**Task item:** Leaving the pictures aside, write out the whole listing below exactly.

**Dataset content:**
.....
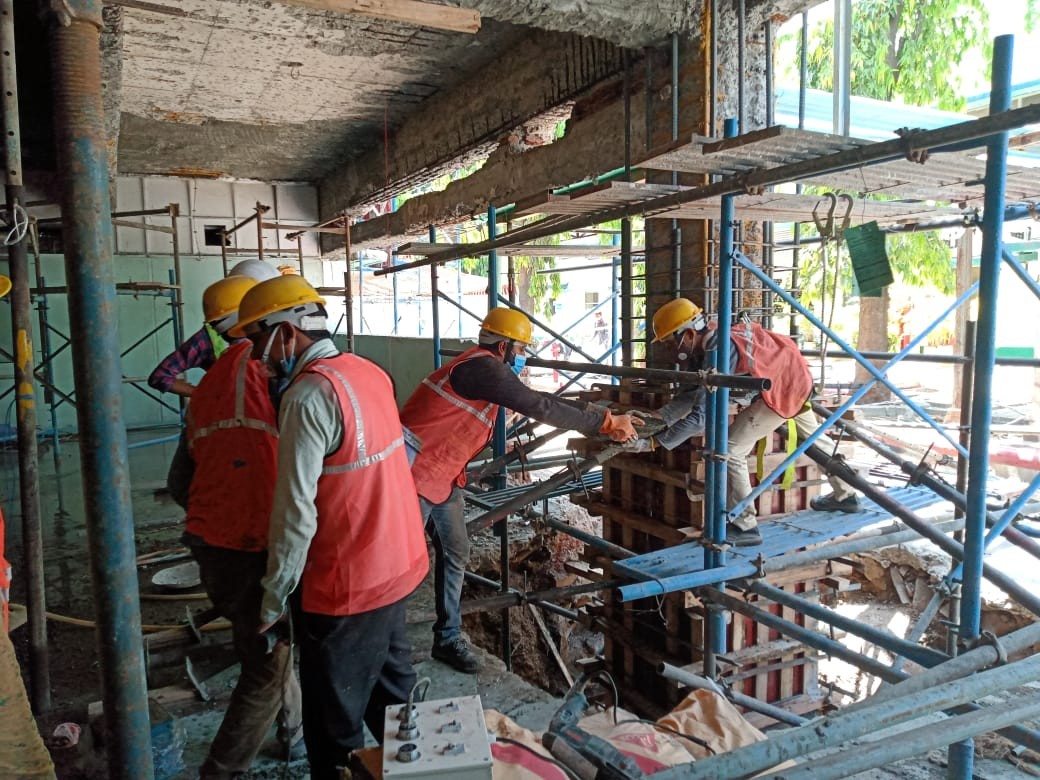 Building renovation and rehabilitation services improving structure strength and durability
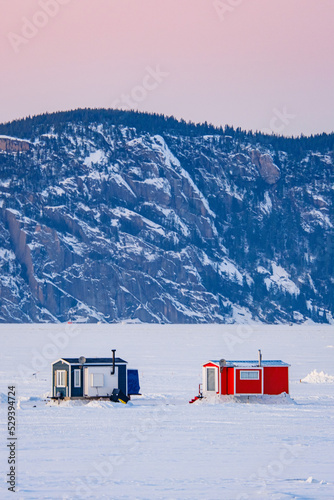 Wallpaper Mural Colorful ice fishing huts on the frozen Saguenay fjord at sunset in La Baie, Quebec (Canada) Torontodigital.ca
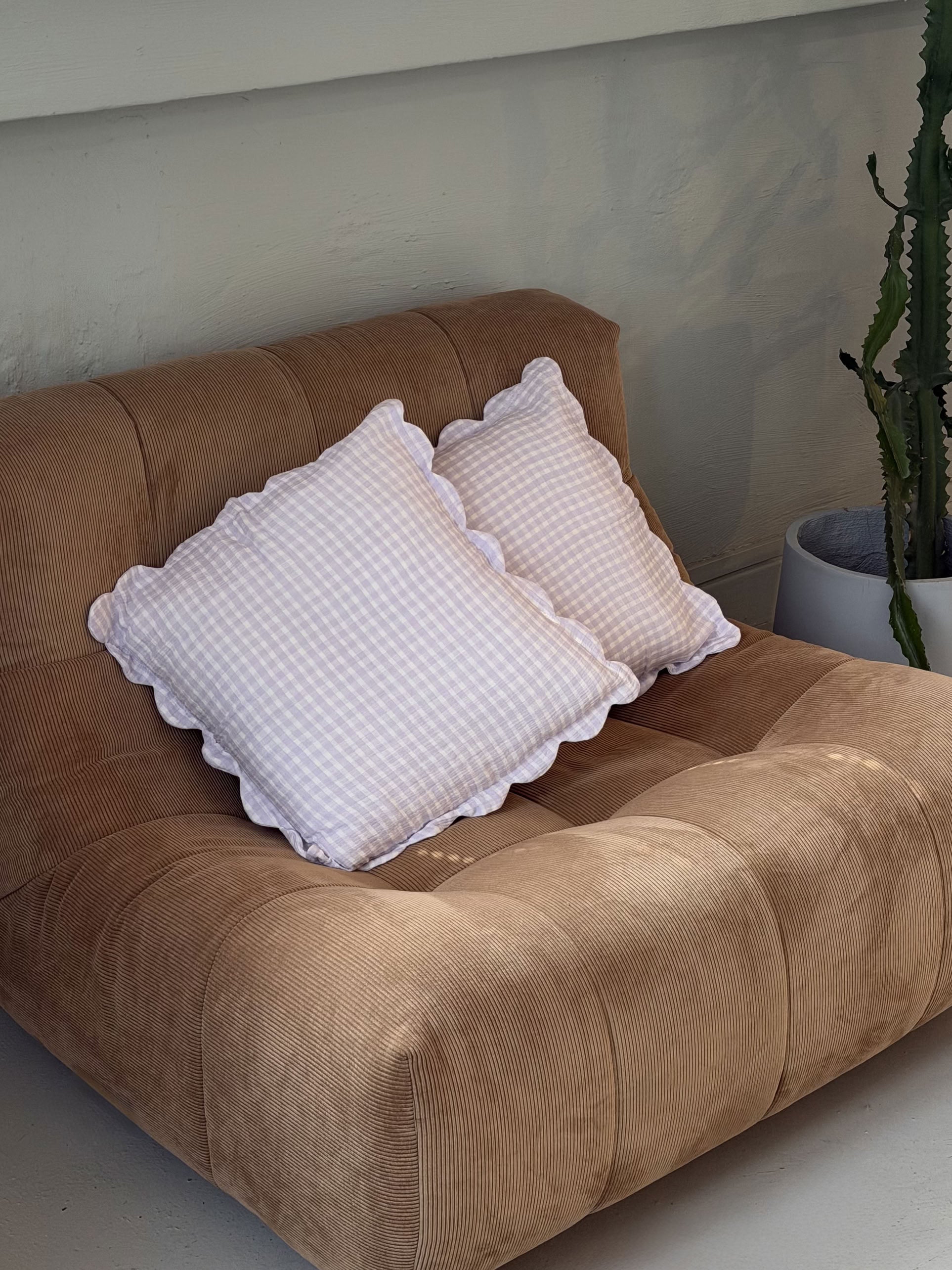 A plush brown corduroy sofa with two Soft Spot Soft Petal Cushion Covers by Soft Spot sits beside a large green cactus in a white planter against a light-colored wall.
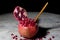 Fresh Open Pomegranate with Wooden Spoon on an Rustic Wooden Table, Black Background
.....
**Response to the task:**
 Building renovation and rehabilitation services improving structure strength and durability
 Wallpaper Mural Colorful ice fishing huts on the frozen Saguenay fjord at sunset in La Baie, Quebec (Canada) Torontodigital.ca
 A plush brown corduroy sofa with two Soft Spot Soft Petal Cushion Covers by Soft Spot sits beside a large green cactus in a white planter against a light-colored wall.
 Fresh Open Pomegranate with Wooden Spoon on an Rustic Wooden Table, Black Background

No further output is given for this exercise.